This one's not so very tough to figure out.
There's a lot of curiosity involved - the role reversal, the idea of the body going through something it wasn't meant to, the peek at the other side - and on the giving end there are certainly plenty of guys who find the idea to be a compliment, that they're so virile they can knock up anything. It can be a violation, too; of boundaries: that's a line man was not meant to cross, so crossing it can be hot as the 'safety' of their maledom, what keeps them from having to experience pregnancy, is shattered; of identity: there are plenty of male-centric fetishes that break down the idea of maleness into a zero sum game (it's always been a popular way for men to think of it - not a healthy way, but popular) and being knocked up is one way of shattering a rival-or-something's masculinity.

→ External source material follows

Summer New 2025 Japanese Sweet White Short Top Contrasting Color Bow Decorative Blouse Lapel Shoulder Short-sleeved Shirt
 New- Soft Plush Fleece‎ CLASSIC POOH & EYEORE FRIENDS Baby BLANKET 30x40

But it can also be a search for deeper meaning, for connection. Hard to deny that there's something v. primally satisfying, an unspoken connection, when a man is giving of himself and a woman receiving and transforming it. Lovely as purely masculine fun can be that's not something it can replicate; mpreg is a yearning for something that's missing but desired. At the same time it's not -exactly- a wish for homo to be more like hetero, homo pregnancy (whether it's m/m or f/f) is stepping into the realm of fantastical possibility, of what conception would be like for these dynamics. It's moving beyond the strict physicality of conceiving into the metaphysical idea of it and that's actually a big part of why it's not something everyone will get.
To be perfectly frank when it comes to pregnancy the actual physical mechanics are exactly what gets them off for many; fantasy conceptions that dip into realms of abstraction will just make them scratch their heads and say "why not just do it the normal way?".